Roget made it clear their stance had nothing to do with the Industrial Court.
“We hold no position against the court itself or the various judges that comprise the court,” Roget added.
The EPA president explained that the protest was necessary and cited the 2014 retrenchment of Royal Bank officers. He said the matter went to the Special Tribunal which ruled that the association (EPA) did not have any locus standi (capacity to bring an action to the court) and the matter was stood down.
Richardson said they took the matter to the High Court which agreed with the Special Tribunal, so in 2019, they took it to the Appeal Court which agreed with the association and struck down the decision of the Special Tribunal and the High Court.
He added that in a “shocking move,” the Special Tribunal sought leave to appeal to the Privy Council.
“So what we had a situation there now that the place that we go for justice was actually appealing a judgment in which they had no interest and we made that public,” he said.
Richardson said the Privy Council, however, questioned the conduct of the Special Tribunal.

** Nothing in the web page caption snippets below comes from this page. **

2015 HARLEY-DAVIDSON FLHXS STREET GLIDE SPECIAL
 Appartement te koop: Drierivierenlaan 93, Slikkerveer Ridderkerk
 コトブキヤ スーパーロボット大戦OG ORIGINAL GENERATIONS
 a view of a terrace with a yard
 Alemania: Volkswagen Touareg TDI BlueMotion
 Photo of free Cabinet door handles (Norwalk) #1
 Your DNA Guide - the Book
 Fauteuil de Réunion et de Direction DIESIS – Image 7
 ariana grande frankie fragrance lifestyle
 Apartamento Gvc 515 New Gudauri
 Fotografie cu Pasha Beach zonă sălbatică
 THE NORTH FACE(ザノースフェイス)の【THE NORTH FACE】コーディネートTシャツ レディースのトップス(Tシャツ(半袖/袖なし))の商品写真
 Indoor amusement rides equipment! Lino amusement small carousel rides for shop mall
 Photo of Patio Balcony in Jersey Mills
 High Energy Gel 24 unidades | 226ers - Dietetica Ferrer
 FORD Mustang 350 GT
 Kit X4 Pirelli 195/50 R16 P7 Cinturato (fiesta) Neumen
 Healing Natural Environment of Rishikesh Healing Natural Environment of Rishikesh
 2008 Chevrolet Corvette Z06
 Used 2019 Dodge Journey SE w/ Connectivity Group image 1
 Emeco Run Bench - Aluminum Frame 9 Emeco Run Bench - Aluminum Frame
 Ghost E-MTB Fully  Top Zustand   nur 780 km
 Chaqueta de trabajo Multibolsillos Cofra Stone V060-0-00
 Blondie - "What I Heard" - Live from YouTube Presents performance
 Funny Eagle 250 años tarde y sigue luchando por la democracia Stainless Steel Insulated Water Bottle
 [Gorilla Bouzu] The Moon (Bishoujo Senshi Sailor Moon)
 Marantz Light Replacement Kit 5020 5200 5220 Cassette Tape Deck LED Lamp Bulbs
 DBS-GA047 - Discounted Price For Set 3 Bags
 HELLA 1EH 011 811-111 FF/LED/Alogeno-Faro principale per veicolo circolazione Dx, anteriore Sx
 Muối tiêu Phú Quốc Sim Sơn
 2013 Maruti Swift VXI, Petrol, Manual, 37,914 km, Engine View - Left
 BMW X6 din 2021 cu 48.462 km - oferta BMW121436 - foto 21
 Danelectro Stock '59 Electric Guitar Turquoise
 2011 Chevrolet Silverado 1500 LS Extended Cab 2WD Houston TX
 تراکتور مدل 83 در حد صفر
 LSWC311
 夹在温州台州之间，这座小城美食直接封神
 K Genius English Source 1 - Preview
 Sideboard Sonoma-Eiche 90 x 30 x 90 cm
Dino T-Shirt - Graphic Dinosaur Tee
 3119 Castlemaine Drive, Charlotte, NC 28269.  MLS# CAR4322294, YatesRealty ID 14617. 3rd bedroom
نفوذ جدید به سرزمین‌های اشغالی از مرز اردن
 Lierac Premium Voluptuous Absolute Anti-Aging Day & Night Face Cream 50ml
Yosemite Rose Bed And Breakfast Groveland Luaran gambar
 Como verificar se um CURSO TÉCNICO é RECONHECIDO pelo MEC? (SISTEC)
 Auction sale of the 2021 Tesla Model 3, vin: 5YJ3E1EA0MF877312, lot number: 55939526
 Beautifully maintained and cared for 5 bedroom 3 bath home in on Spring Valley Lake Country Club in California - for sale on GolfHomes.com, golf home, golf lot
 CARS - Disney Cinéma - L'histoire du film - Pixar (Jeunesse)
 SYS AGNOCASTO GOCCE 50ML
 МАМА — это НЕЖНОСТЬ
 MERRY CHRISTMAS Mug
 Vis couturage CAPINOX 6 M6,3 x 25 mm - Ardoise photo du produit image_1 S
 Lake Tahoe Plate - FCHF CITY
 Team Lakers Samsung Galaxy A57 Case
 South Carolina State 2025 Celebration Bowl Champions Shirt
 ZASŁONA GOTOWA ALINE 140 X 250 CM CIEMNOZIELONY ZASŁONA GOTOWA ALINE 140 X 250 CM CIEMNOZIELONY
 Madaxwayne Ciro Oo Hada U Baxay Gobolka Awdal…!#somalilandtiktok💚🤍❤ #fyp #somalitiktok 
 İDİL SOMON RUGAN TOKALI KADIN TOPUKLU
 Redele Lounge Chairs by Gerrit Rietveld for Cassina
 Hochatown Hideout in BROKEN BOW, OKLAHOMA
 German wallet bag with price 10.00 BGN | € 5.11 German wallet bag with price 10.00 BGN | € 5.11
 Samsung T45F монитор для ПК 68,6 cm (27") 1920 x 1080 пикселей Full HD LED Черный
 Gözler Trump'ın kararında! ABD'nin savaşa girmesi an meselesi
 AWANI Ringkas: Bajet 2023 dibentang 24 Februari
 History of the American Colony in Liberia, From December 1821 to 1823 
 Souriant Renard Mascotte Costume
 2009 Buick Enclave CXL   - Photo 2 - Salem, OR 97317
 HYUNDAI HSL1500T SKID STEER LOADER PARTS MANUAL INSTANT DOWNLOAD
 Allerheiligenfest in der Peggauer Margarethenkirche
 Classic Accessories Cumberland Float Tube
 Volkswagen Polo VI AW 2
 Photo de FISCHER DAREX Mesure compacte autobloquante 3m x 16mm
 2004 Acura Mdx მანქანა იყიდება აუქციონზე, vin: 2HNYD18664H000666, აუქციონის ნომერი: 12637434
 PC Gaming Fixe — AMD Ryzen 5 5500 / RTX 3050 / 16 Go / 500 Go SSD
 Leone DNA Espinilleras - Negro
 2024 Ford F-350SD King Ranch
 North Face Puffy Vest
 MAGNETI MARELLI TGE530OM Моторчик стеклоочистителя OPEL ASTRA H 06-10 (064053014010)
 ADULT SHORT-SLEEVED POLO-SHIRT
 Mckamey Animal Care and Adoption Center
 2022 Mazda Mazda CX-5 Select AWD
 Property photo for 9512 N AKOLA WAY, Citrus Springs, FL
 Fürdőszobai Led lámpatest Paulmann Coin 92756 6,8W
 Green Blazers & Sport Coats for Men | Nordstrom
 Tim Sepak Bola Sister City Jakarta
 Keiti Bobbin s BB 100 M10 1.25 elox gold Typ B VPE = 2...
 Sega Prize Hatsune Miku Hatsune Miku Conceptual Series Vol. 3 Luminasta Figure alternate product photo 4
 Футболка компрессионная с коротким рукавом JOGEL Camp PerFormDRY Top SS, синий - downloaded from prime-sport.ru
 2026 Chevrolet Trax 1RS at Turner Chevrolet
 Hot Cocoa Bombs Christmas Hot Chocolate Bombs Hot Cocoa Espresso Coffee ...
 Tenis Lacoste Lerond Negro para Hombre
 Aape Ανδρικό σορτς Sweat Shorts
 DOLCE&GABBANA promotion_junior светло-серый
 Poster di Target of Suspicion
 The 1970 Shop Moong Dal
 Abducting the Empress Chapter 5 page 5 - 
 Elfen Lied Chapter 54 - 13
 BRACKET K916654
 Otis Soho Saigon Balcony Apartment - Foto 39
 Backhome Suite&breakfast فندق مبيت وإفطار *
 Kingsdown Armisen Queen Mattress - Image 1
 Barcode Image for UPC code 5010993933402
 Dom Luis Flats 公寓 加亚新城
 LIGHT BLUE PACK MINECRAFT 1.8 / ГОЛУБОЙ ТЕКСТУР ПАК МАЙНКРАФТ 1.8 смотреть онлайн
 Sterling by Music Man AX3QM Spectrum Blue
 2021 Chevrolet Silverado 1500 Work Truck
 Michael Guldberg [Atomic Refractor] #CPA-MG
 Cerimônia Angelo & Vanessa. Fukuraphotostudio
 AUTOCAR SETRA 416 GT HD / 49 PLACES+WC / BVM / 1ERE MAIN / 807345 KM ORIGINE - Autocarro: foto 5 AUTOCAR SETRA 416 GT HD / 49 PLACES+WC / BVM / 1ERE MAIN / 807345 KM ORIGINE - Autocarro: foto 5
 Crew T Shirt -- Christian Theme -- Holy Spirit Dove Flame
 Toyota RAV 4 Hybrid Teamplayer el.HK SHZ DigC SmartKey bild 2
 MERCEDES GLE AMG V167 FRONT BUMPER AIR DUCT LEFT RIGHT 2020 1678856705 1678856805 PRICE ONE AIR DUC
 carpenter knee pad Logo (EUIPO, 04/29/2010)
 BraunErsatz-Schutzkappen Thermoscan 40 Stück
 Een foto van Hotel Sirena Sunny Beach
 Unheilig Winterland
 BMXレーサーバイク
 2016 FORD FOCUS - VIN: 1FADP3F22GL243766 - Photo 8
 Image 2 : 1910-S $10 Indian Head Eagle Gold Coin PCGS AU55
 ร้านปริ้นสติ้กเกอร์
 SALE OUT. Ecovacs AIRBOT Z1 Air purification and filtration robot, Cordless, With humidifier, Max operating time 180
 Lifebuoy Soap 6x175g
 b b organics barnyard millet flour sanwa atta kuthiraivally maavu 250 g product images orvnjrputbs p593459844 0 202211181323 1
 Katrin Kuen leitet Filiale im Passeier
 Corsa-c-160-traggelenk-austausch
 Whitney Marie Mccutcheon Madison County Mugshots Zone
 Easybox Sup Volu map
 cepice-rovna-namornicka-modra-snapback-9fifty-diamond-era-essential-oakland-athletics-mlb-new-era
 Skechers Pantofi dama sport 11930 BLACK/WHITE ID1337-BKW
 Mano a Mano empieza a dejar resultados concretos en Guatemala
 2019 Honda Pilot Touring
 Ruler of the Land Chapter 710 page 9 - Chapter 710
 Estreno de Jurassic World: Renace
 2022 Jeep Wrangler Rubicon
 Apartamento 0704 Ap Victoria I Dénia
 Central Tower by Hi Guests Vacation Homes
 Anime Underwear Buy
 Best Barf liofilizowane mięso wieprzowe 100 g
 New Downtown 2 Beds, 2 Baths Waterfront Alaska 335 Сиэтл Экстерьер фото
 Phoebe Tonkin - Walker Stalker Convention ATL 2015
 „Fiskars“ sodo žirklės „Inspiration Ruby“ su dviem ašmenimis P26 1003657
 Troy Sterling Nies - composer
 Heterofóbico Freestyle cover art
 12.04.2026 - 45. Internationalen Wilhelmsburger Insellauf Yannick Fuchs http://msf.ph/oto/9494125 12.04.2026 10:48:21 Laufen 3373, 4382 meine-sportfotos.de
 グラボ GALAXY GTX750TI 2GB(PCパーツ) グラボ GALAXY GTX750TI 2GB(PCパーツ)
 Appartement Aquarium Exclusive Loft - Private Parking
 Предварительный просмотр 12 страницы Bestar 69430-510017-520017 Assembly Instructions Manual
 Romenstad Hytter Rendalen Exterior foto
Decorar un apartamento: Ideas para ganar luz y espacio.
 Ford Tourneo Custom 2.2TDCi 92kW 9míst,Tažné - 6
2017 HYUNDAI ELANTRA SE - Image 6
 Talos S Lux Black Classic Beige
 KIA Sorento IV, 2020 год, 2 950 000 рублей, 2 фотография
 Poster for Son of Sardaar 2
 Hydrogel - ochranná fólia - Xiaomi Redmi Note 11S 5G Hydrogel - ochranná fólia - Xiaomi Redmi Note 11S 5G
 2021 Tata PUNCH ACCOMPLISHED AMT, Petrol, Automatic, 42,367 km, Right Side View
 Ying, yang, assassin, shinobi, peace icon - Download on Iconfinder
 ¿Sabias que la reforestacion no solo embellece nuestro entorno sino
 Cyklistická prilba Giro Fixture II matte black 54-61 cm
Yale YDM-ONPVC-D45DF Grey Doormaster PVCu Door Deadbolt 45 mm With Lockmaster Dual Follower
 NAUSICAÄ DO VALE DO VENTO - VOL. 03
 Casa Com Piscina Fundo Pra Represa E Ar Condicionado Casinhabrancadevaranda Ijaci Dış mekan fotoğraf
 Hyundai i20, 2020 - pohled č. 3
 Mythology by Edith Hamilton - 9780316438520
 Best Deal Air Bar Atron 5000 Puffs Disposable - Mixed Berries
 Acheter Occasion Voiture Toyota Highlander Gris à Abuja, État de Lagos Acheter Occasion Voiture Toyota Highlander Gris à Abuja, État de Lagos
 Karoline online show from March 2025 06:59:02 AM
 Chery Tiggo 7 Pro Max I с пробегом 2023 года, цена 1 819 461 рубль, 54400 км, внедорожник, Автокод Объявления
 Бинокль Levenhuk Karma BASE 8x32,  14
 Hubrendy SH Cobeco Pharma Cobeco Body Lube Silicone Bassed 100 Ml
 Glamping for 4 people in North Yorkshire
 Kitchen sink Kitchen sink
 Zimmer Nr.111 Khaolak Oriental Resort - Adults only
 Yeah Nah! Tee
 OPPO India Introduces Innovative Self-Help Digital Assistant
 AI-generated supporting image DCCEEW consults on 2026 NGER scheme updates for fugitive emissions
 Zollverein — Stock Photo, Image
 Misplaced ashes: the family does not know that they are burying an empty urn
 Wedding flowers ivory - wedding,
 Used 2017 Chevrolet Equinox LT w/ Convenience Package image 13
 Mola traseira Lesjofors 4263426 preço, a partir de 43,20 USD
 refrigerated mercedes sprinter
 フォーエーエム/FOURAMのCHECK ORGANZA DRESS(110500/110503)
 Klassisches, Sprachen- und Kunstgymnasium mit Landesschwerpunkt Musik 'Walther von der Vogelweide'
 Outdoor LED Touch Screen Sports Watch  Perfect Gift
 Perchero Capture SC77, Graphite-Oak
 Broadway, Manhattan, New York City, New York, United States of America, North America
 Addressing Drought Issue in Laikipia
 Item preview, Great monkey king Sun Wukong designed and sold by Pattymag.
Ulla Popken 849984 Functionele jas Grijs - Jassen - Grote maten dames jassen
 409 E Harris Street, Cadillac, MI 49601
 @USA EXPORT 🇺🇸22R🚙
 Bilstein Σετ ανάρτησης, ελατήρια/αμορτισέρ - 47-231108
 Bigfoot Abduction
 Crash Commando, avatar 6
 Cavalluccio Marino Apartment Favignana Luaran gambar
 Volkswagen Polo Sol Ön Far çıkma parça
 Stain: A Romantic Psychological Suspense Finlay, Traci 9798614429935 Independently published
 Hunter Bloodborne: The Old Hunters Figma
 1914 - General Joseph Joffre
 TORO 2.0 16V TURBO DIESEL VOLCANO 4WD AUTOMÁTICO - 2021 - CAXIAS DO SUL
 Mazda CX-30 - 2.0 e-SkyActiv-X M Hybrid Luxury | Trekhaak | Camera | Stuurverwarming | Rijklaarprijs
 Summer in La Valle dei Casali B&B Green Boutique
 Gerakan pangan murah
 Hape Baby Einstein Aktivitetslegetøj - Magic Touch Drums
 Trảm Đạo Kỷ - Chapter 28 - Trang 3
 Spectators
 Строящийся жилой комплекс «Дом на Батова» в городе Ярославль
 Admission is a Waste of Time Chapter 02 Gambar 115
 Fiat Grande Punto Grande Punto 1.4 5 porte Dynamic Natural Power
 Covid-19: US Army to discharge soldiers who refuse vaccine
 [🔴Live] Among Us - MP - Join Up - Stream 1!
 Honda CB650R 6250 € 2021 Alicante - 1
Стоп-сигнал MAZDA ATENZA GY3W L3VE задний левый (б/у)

This was written in the letter JTUM sent to Prime Minister Dr Keith Rowley on September 12.
In it, the union said the Privy Council observed that the tribunal neglected the principles of impartiality and neutrality. The letter said the tribunal was further criticised for abdicating its statutory duties and acting as if it had an interest in the outcome on behalf of a third party.
Richardson said the Privy Council referred the matter back to the Special Tribunal to be heard but no one who was party to the matter could sit in the hearings.
“Unless Mr Larry Achong stands down or be removed from the position, we will have to wait until another chairman of the Special Tribunal is appointed and that we find to be reprehensible and is an obligation of the responsibility of those in authority to ensure justice is dispensed and dispensed quickly,” he said.
Richardson said Achong was the only person who sat on the panel and now as Industrial Relations Chairman he has to be present for there to be a quorum.
“In the law, there is no provision for anybody to sit in for the chairman of the Special Tribunal,” he said.
JTUM called on the Prime Minister to take the appropriate steps to rectify this matter.
Meanwhile, the JTUM leader said he has not forgotten how former Industrial Court president Deborah Thomas-Felix was “removed from office.”
On December 12, 2023, JTUM, the Federation of Independent Trade Unions and NGOs (FITUN), and the National Trade Union Centre of Trinidad and Tobago (NATUC) delivered a letter to President Christine Kangaloo expressing their concern after a new court president was named.
The union leader claimed Thomas-Felix was given the news via telephone while on an assignment in Geneva.
“There could be nothing more disrespectful than that approach…the President did not even have the level of decency of respect to acknowledge, let alone respond to the country’s three trade union bodies representing workers in this country,” Roget said.